To all Friends of American Liberty let it be known,
That this morning before break of day a [British] Brigade consisting of about one thousand or twelve hundred men landed at Phipp’s farm at Cambridge, and marched to Lexington, where they found a Company of our Colony Militia in arms upon whom they fired without any provocation and killed six men and wounded four others. By an Express from Boston we find that other Brigades are upon their march from Boston supposed to be about one thousand . . . I have spoken with several who have seen the dead and wounded.[1]

In the age of foot-speed news, a letter penned on April 19 could take weeks to reach the inhabitants of North Carolina.
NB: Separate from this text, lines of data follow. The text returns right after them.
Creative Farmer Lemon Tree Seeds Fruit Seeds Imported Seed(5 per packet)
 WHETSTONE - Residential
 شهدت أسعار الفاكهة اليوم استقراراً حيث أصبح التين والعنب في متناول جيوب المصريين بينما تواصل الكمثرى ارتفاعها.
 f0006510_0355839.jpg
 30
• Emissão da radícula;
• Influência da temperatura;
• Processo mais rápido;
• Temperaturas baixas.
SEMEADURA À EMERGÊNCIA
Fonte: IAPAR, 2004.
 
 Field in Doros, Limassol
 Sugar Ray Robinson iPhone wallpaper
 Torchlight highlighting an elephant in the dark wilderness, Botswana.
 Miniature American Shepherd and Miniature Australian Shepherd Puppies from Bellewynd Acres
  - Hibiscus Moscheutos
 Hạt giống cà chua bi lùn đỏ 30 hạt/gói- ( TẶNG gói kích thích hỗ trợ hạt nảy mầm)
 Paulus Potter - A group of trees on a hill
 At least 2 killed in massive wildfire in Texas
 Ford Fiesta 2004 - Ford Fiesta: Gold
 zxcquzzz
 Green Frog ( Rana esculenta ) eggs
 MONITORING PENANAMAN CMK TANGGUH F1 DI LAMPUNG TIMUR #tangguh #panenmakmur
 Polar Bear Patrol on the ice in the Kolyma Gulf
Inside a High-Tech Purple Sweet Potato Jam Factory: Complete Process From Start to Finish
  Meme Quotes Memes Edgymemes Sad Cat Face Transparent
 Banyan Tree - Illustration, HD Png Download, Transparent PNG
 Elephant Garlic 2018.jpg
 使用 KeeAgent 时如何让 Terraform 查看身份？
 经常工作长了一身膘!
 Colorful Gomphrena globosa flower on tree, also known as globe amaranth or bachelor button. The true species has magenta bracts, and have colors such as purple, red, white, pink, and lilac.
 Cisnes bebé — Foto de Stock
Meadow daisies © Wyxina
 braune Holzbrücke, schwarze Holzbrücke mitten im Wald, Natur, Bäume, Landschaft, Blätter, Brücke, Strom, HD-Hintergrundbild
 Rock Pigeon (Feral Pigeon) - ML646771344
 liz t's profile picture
From the Massachusetts committee of safety, the letter was dispatched with earnest haste to Worcester and then beyond the Massachusetts borders. Connecticut, New York, and British Canada were given a recount of the events by April 25, although news by mouth spread as rapid as fire.[2] In the last week of April, no news had yet reached deep South. New Jersey and Maryland were informed by pen just before April became May, but the southern colonists were still much in the dark. Finally, on Friday, April 28 at 8 p.m. colonists from Alexandria, Virginia, sent the statement and letter to Fredericksburg and from there to Surry County, Chowan, and Onslow, North Carolina. A flurry of exchanges between Virginia and North Carolina created a clamor. War!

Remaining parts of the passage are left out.